A method, system and computer program product are presented for causing a parallel load/store of stride-separated words from a data vector using different memory chips in a computer.

Description

    BACKGROUND OF THE INVENTION
  • 1. Technical Field
  • The present disclosure relates to the field of computers, and specifically to management of data for programs running on computers. Still more particularly, the present disclosure relates to loading and storing data vectors.
  • 2. Description of the Related Art
  • Data used by computer programs is stored in and accessed from system memory in a computer. Typically, data in system memory is stored in a single memory chip. Oftentimes, the data is in the format of an array of data, which is often referred to as a data vector. In order to retrieve (i.e., load) the array of data from system memory, a processor will re-execute a single instruction multiple times, such that each re-execution loads a next unit of data from the data vector. This process, and use of a single memory chip, results in a lengthy wait and a high use of processing power whenever data from a data vector is needed by the processor.
  • SUMMARY OF THE INVENTION
  • To address the issues described above, a method, system and computer program product are presented for causing a parallel load/store of stride-separated words from a data vector using different memory chips in a computer.
  • The above, as well as additional purposes, features, and advantages of the present invention will become apparent in the following detailed written description.
  • BRIEF DESCRIPTION OF THE DRAWINGS
  • The novel features believed characteristic of the invention are set forth in the appended claims. The invention itself, however, as well as a preferred mode of use, further purposes and advantages thereof, will best be understood by reference to the following detailed description of an illustrative embodiment when read in conjunction with the accompanying drawings, where:
  • FIG. 1 depicts an exemplary computer in which the present invention may be implemented;
  • FIG. 2 illustrates additional detail of a novel configuration of memory chips used in the system memory that is depicted in FIG. 1;
  • FIG. 3 illustrates an exemplary stride-segmented data vector; and
  • FIG. 4 is a high-level flow chart of exemplary steps taken to load and store strides from a stride-segmented data vector such as that illustrated in FIG. 3.
  • DETAILED DESCRIPTION OF THE PREFERRED EMBODIMENT
  • With reference now to FIG. 1, there is depicted a block diagram of an exemplary computer 102, which the present invention may utilize. Note that some or all of the exemplary architecture shown for computer 102 may be utilized by software deploying server 150.
  • Computer 102 includes a processor 104, which may utilize one or more processors each having one or more processor cores. Processor 104 is coupled to a system bus 106. A video adapter 108, which drives/supports a display 110, is also coupled to system bus 106. System bus 106 is coupled via a bus bridge 112 to an Input/Output (I/O) bus 114. An I/O interface 116 is coupled to I/O bus 114. I/O interface 116 affords communication with various I/O devices, including a keyboard 118, a mouse 120, a Flash Drive 122, a printer 124, and an optical storage device 126 (e.g., a CD or DVD drive). The format of the ports connected to I/O interface 116 may be any known to those skilled in the art of computer architecture, including but not limited to Universal Serial Bus (USB) ports.
  • Computer 102 is able to communicate with a software deploying server 150 via network 128 using a network interface 130, which is coupled to system bus 106. Network 128 may be an external network such as the Internet, or an internal network such as an Ethernet or a Virtual Private Network (VPN).
  • A hard drive interface 132 is also coupled to system bus 106. Hard drive interface 132 interfaces with a hard drive 134. In a preferred embodiment, hard drive 134 populates a system memory 136, which is also coupled to system bus 106. System memory is defined as a lowest level of volatile memory in computer 102. This volatile memory includes additional higher levels of volatile memory (not shown), including, but not limited to, cache memory, registers and buffers. Data that populates system memory 136 includes computer 102's operating system (OS) 138 and application programs 144.
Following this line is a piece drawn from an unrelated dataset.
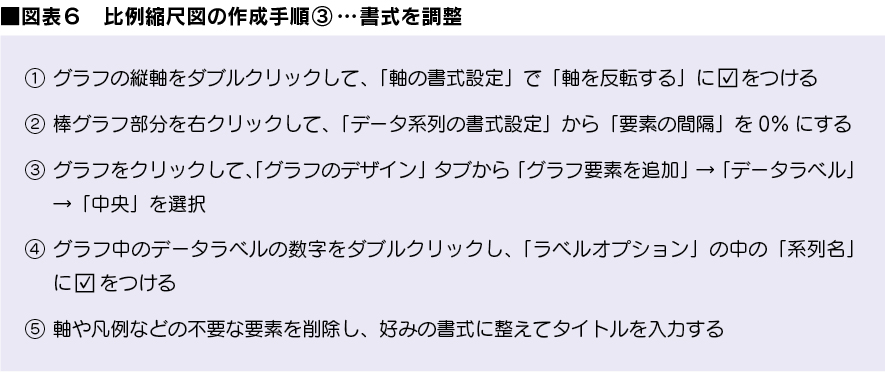 図表６：比例縮尺図の作成手順③…書式を調整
  • OS 138 includes a shell 140, for providing transparent user access to resources such as application programs 144. Generally, shell 140 is a program that provides an interpreter and an interface between the user and the operating system. More specifically, shell 140 executes commands that are entered into a command line user interface or from a file. Thus, shell 140, also called a command processor, is generally the highest level of the operating system software hierarchy and serves as a command interpreter. The shell provides a system prompt, interprets commands entered by keyboard, mouse, or other user input media, and sends the interpreted command(s) to the appropriate lower levels of the operating system (e.g., a kernel 142) for processing. Note that while shell 140 is a text-based, line-oriented user interface, the present invention will equally well support other user interface modes, such as graphical, voice, gestural, etc.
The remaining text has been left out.